Decide if the figure is to be a one-column figure (maximum width 8.5 cm, including all labels and legends) or a two-column figure (maximum width 17.5 cm, including all labels and legends). An obvious advantage of doing this is that it helps reduce the work to be done when revising the manuscript or communicating the final version to the publishing office of the journal. A more subtle advantage, however, is that the reviewers (and the editor) see exactly what the reader will see in the printed journal, making it possible for them to spot potential difficulties that a reader may face in interpreting the figures. Preparing figures initially to the expected final size also avoids the need for the publisher to enlarge or reduce the figure to fit the journal requirements, thereby maintaining the original quality. Given the quality of modern laser printers and the relative ease, compared to even a few years ago, of obtaining laser printouts of figures, providing the publisher with camera-ready figures or electronic copies ensures better figures in print.
Use Helvetica as the font for legends and labels. Ensure that no label or legend is smaller than 8 pt. All lines must be at least 0.5 pt (no hairline rules).
Electronic Figure Submission
If you include figures that have already been published elsewhere, you must obtain permission from the copyright owner(s) for both the print and online format. Please be aware that some publishers do not grant electronic rights for free and that Springer will not be able to refund any costs that may have occurred to receive these permissions. In such cases, material from other sources should be used.
Unit dimensions should not be expressed using a solidus but using negative integers or the word ‘per’. That is, do not use mm/min but mm min–1. Do not use units mg protein–1, which is unclear but use as mg per protein.
Units and associated symbols must invariably follow SI practice.

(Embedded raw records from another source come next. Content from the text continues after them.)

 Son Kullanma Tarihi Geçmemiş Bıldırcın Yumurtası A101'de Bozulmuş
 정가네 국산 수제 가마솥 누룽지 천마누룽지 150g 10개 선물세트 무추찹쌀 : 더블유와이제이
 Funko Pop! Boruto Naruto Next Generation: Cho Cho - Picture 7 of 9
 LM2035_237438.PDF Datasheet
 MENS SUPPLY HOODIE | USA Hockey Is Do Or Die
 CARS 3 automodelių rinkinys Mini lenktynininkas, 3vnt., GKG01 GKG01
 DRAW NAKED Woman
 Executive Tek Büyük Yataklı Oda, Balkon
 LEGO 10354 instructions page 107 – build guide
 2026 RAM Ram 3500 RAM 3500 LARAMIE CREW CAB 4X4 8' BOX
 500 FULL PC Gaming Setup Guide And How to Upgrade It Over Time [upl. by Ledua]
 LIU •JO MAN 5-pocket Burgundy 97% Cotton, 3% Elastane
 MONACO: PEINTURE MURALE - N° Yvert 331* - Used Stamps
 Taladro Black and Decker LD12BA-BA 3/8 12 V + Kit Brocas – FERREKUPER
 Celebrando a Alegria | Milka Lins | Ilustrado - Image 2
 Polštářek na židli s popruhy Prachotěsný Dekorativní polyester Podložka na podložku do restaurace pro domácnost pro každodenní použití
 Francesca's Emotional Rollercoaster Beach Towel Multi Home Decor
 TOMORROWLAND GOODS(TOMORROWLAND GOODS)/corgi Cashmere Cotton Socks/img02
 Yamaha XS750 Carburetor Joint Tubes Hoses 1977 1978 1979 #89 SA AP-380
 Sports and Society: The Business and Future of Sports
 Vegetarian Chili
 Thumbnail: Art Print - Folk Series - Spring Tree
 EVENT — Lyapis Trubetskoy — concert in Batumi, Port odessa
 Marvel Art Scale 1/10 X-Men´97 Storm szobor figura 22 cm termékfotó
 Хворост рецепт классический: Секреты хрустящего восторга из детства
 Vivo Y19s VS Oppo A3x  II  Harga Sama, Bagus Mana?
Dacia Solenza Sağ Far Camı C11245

References are numbered consecutively in the order in which they are first mentioned in the text. Identify references in text, tables, and legends by square bracketed numbers , and provide a list of references at the end of the article in numerical order using square brackets for the numbers. Reuse the original number assigned to the reference each time the reference is cited in the text, regardless of its previous position in the text. Insert the citation numbers at the relevant place in the text. As a general rule, reference numbers should be placed inside full stops, commas, colons and semicolons.
When citing multiple references, use commas (without spaces) to separate them. Use an en-dash to join inclusive first and last numbers, e.g. [2,3,4,5,7,10] would be abbreviated to [2–5,7,10].
 Pelino Mario and Cantalini Carlo 1994 Active and Passive Elec. Comp. 16 69
 Wang C, Yin L, Zhang L, Xiang D and Gao R 2010 Sensors 10 2088
 Sudesh K and Doi Y 2005 in C Bastioli (ed) Handbook of biodegradable polymers (Shawbury: Rapra Technology Ltd) p 219
 Nickel N H and Terukov E 2005 (eds) Zinc oxide—a material for micro- and optoelectronic applications (Netherlands: Springer)
 Thermoset polymer-based capacitive sensors, application sheet. Available: www.honeywell.com (accessed on 11 April 2016)
 Pang Y and Lodewijks G 2012 Proceedings of 9th IEEE international conference on networking, sensing and control p 79
 Andrew N M 2016 Ph D Thesis (St. Louis: Washington University)
 Al Bosta M, Ma K J and Chien H H 2013 J. Ceram. Article ID 350931 doi: 10.1155/2013/350931
Footnotes must be avoided if possible but when necessary should be numbered consecutively, and typed on a separate sheet.
Authors are requested to prepare the manuscript carefully before submitting it for publication to minimize corrections and alterations in the proof which increase publication costs. PDF proof will be sent to the author by email. The author should send it back with corrections/clarifications, if any, by email.